Sweeps: Waiting for W&B process to finish... (failed 1)

Hi everyone,
I am trying to sweep my hyperparameters for my TensorFlow model. I am using Bayes as the sweeping method.

In my train() function, I have several .fit() methods as I am training a progressive GAN and I am required to call model.fit() several times.

After completing the first model.fit() successfully, the error

Waiting for W&B process to finish... (failed 1)

What should I do?

I followed this tutorial here to use Wandb sweeps: Google Colab

And here is a look at my sweep_train() function:

def sweep_train(config_defaults=None):

    # Initialize wandb with a sample project name
    run = wandb.init(config=config_defaults, resume=True)  
    
    pgan = PGAN(latent_dim = NOISE_DIM, d_steps =  wandb.config.D_STEPS)
    

    cbk = GANMonitor(num_img = NUM_IMGS_GENERATE, latent_dim = NOISE_DIM)

    cbk.set_steps(steps_per_epoch = STEPS_PER_EPOCH, epochs = wandb.config.EPOCHS) # 110, 6
    cbk.set_prefix(prefix='0_init')

    
    
    train(wandb.config.G_LR, wandb.config.D_LR, wandb.config.R_LR, wandb.config.EPOCHS, wandb.config.D_STEPS, cbk, pgan)

    run.finish()

Hello @aryamohan23!

Is there more details to the traceback such as right before Waiting for W&B process to finish... (failed 1)? There should be a traceback into the code detailing what error is causing the project to fail. W&B will also upload all runs regardless of status (success, failed, crashed, etc.) so the (failed 1) message is indicating the state of the run.

Hi there, I wanted to follow up on this request. Please let us know if we can be of further assistance or if your issue has been resolved.

Hello, sorry for the delay. I get this error:

wandb: ERROR Dropped streaming file chunk (see wandb/debug-internal.log)

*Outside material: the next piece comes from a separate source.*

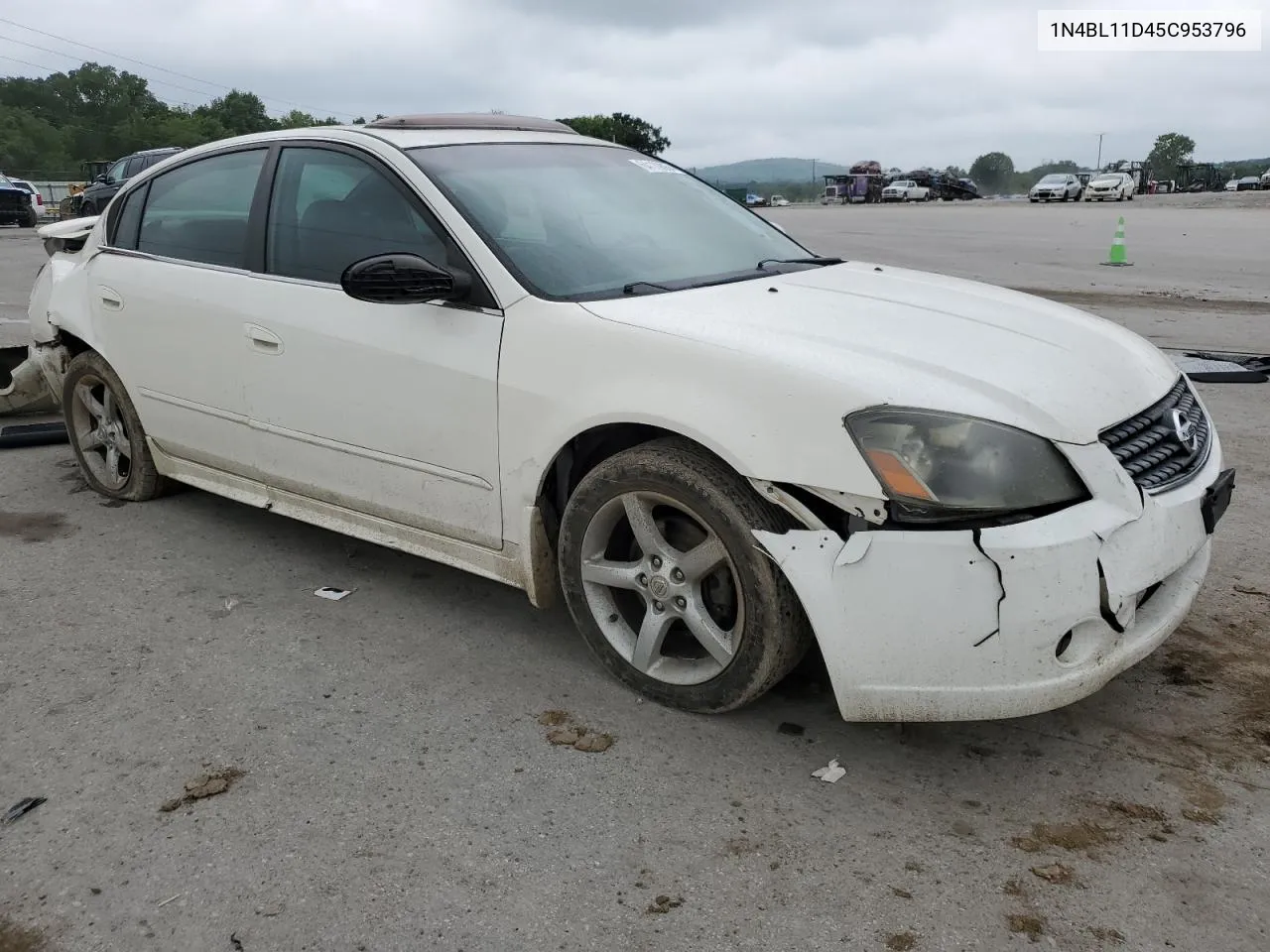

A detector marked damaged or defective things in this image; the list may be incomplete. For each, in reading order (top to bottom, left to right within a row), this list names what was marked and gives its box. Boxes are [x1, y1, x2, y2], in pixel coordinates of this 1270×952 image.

damaged front bumper [754, 434, 1230, 718]
cracked bumper [754, 434, 1230, 718]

I realized it was a network issue and so i set my wandb to offline mode. But even when I try to sync it with a wandb sync i get the same error.

Hello Arya!

Could you provide the debug.log and debug-internal.log fore the run? They should be located in the wandb folder in the same directory as where the script was run. The wandb folder has folders formatted as run-DATETIME-ID associated with a single run. Could you retrieve the debug.log and debug-internal.log files from one of these folders specifically from the run that is having issues?

Hi there, I wanted to follow up on this request. Please let us know if we can be of further assistance or if your issue has been resolved.